The outcome of the tunnelling case has dealt Balfour Beatty's reputation a severe blow.

Civil engineering sources said the contractor was likely to face tough scrutiny when trying to prequalify for future tunnelling work.

Balfour Beatty refused to say whether it was considering an appeal. A company statement said: "The collapse of the tunnel did not result in injury to individuals working on the site or to anyone else. The safety of its employees and the general public is of the highest priority to Balfour Beatty. The company deeply regrets the tunnel collapse and its consequences."

Health and Safety Executive chief inspector Sandra Caldwell said: "The level of the fines sends a clear message to all in the industry, including clients, designers, consultants, contractors and subcontractors that they must ensure the safety of the public and workers."

The severity of the fine took the engineering world by surprise. It is the largest single fine ever imposed for a health and safety breach.
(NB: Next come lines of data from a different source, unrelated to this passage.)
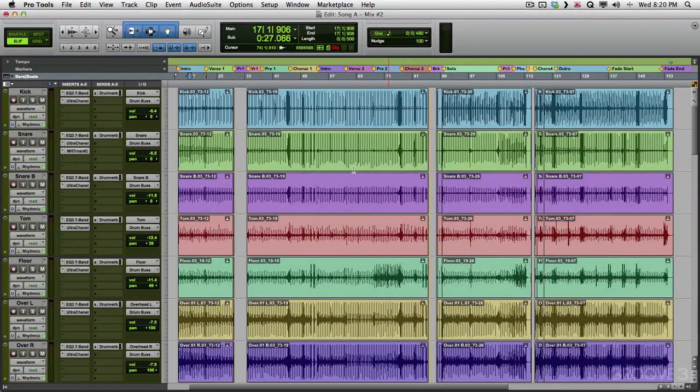How you doing? I'm Kenny Gioia. Welcome to another one of my tutorials. In this video, I'm going to show you how to use import session data in Pro Tools.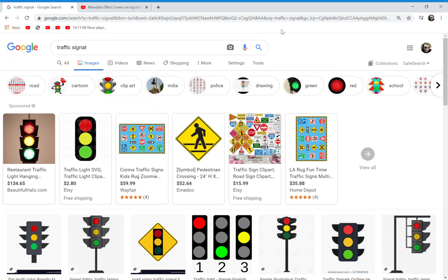Hello guys, welcome back to the Mandela Effect channel. Today we have voting video number 66 in our spectacular Mandela effect voting video series. So how do you guys remember a traffic signal — an American traffic signal or light looking?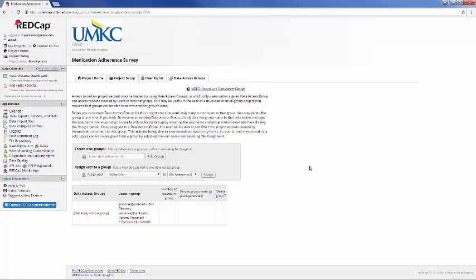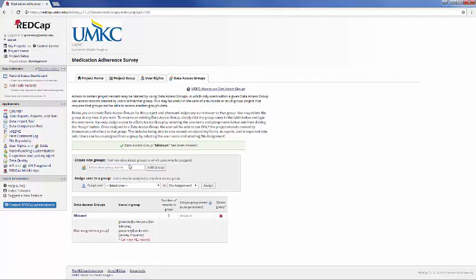In short, data access groups are ways of separating out different groups of data, whether that's records or participants or both, for different types of users. For example, we may have a Missouri research group and a Kansas research group.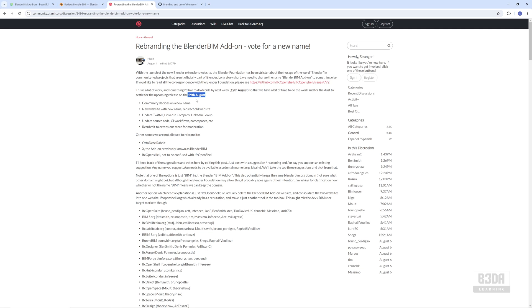So this is it—just some quick news about BlenderBIM. If you're working with architecture, engineering, design, and you have any interest in BIM, you should take a look into BlenderBIM or whatever name it takes in the future. See you next time. Bye!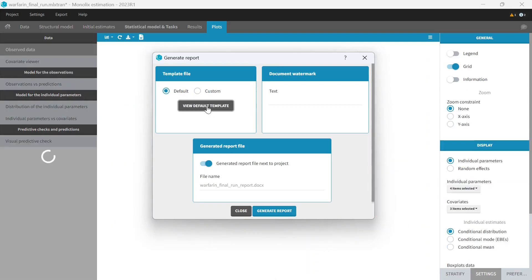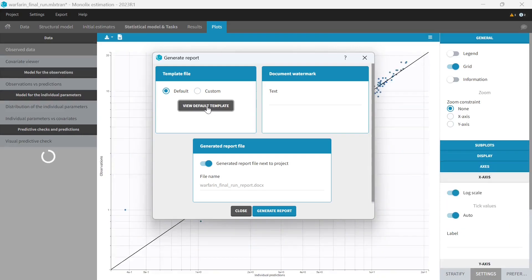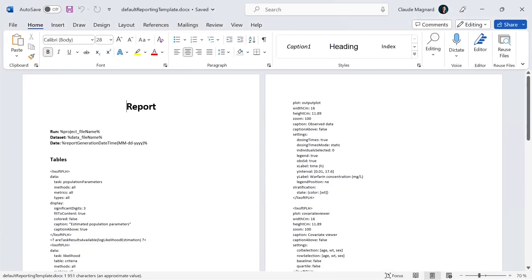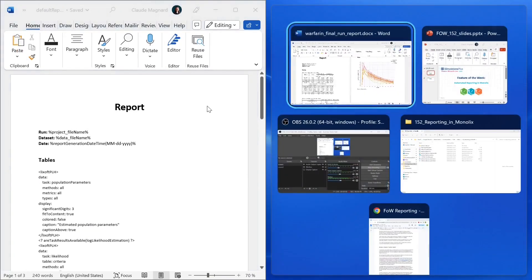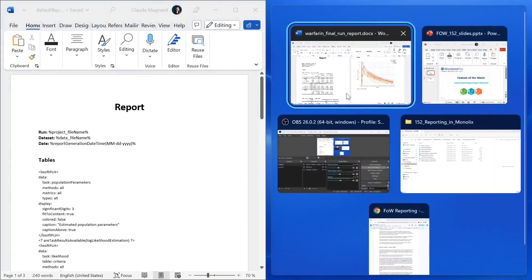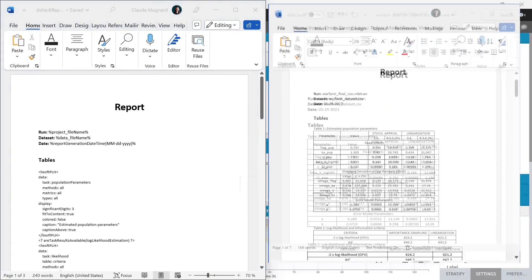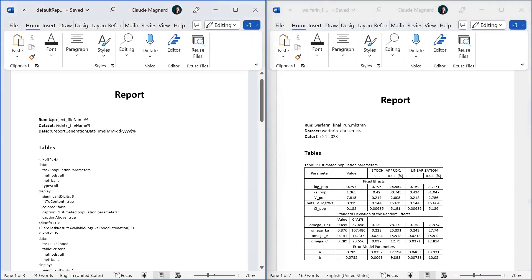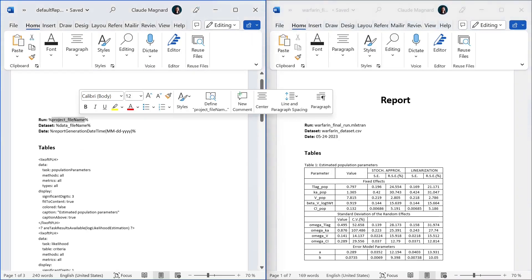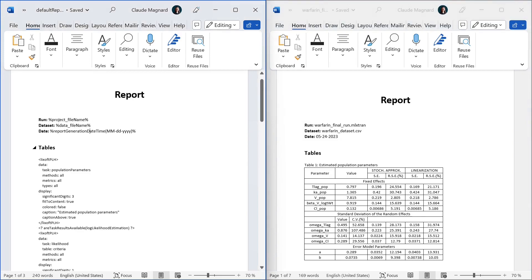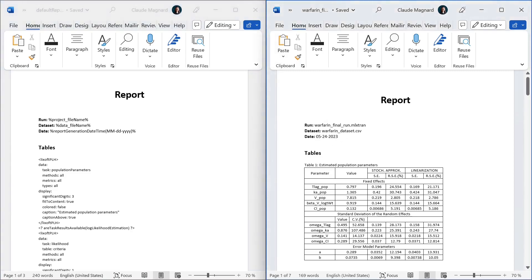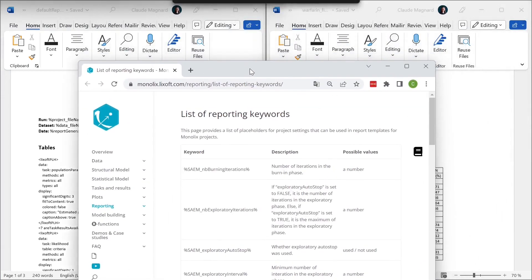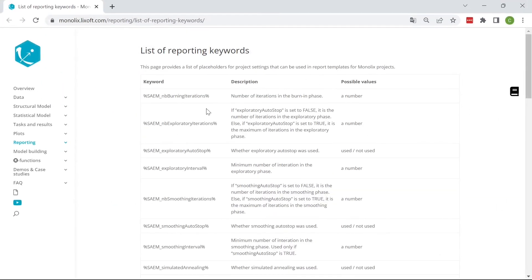This is the template file used by Monolix to generate the default report for this project. Let me display this template on the left and the report we obtained on the right. First, we see keywords surrounded by percentage signs. These keywords have been replaced by their value for the current project and today's date. To use keywords in a custom template, you can refer to the list of reporting keywords available on Monolix website.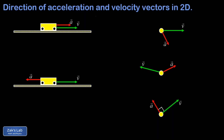In this video, we're looking at what happens to the motion of an object depending on the relative alignment of the acceleration and velocity vectors. On the left, we have the one-dimensional cases, and on the right, we have the two-dimensional cases, just to generalize things.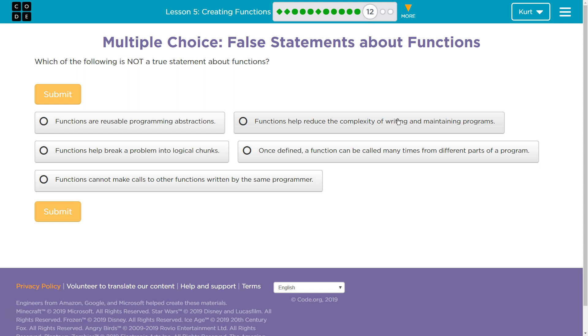Because then you grab those pieces by using calls and just call them up. Okay? And they're contained pieces of code that you can use over and over. Once defined, a function can be called many times. Definitely, we've already said that.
The combined fine on Balfour Beatty and Geoconsult matches the £1.7m penalty imposed on four firms after the Ramsgate ferry walkway disaster in 1994, when six people were killed.

Construction union UCATT general secretary George Brumwell welcomed the tough penalty. He said: "The HSE and the courts will no longer tolerate practices that place the public and workers' lives at risk."

John Anderson, an independent consulting engineer, said the fine was unprecedented: "The collapse was a landmark in terms of a civil engineering disaster and in terms of a tunnelling collapse. The level of fine is also a landmark."

Anderson added that the decision had important implications. He said: "It is significant in that the judge ruled that Balfour Beatty was more culpable than the designers. At the same time, it is clear that designers do have a duty of care in terms of health and safety."